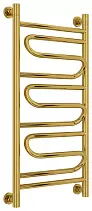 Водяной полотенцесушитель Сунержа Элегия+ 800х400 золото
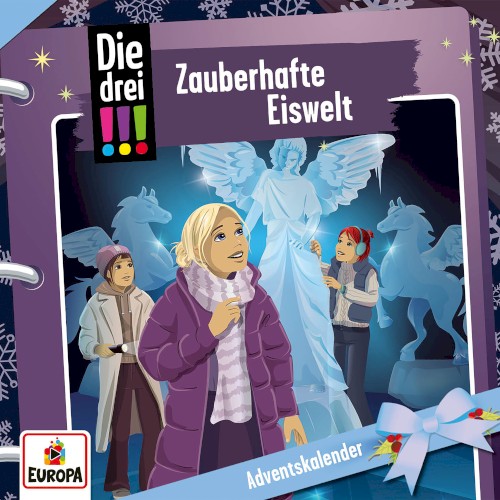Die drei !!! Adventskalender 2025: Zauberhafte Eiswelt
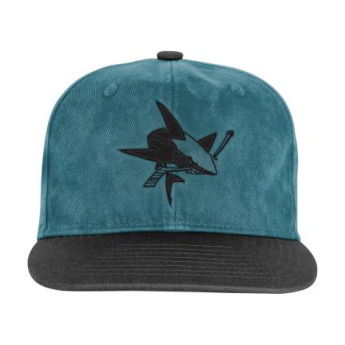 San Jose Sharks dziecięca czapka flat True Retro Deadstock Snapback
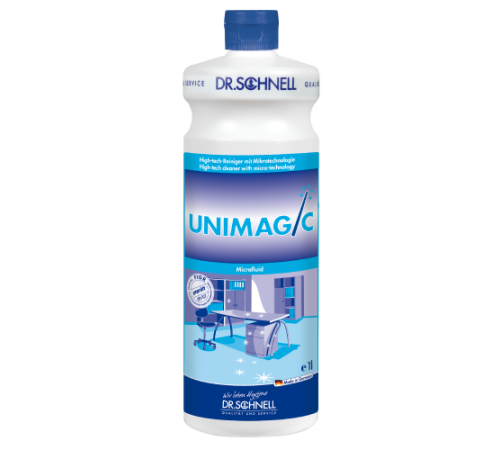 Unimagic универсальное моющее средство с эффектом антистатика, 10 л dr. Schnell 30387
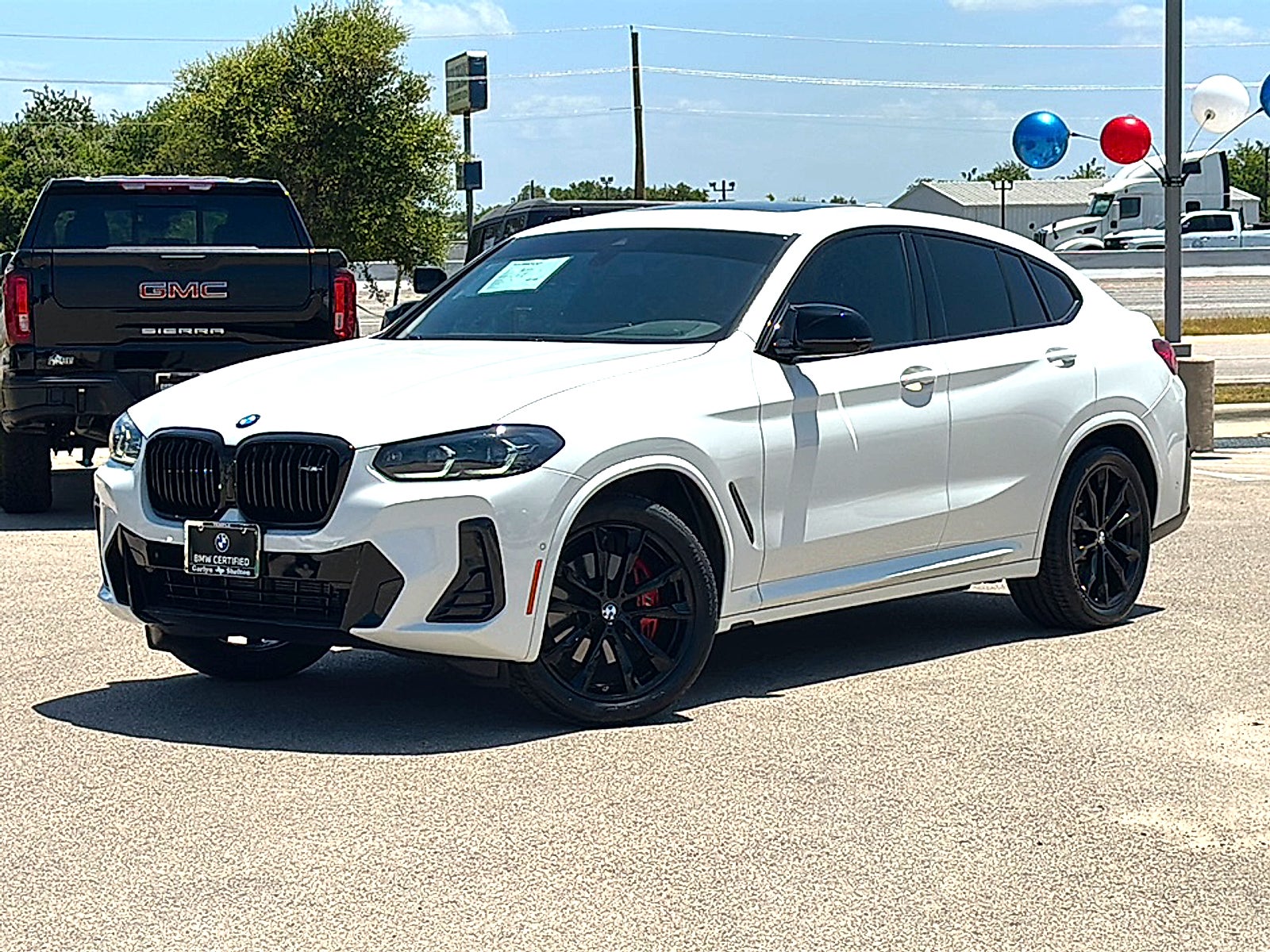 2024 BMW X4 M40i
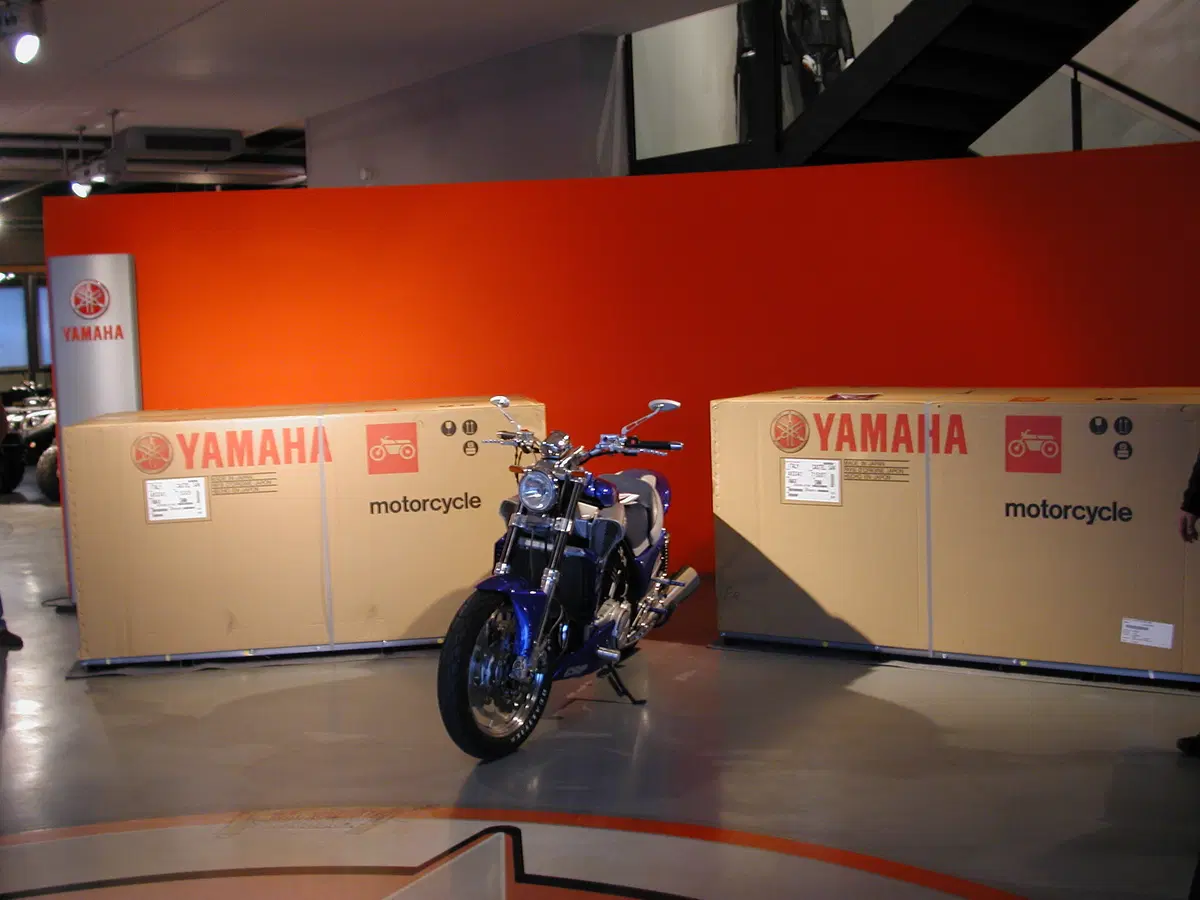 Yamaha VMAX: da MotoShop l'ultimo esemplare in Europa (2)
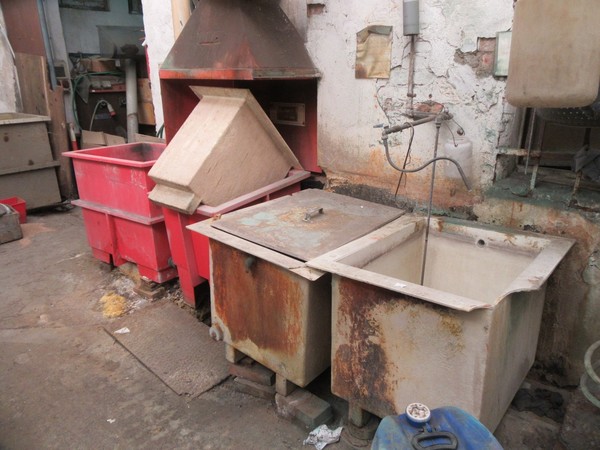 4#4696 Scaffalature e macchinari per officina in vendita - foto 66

★ ★ ★ ★ ★ ★ ★

* TASK TO CARRY OUT: Pictures are not part of the answer, which must be the exact lines from the one holding "San Jose Sharks" through the end of the material, both ends included.

* ANSWER SPACE:
 San Jose Sharks dziecięca czapka flat True Retro Deadstock Snapback
 Unimagic универсальное моющее средство с эффектом антистатика, 10 л dr. Schnell 30387
 2024 BMW X4 M40i
 Yamaha VMAX: da MotoShop l'ultimo esemplare in Europa (2)
 4#4696 Scaffalature e macchinari per officina in vendita - foto 66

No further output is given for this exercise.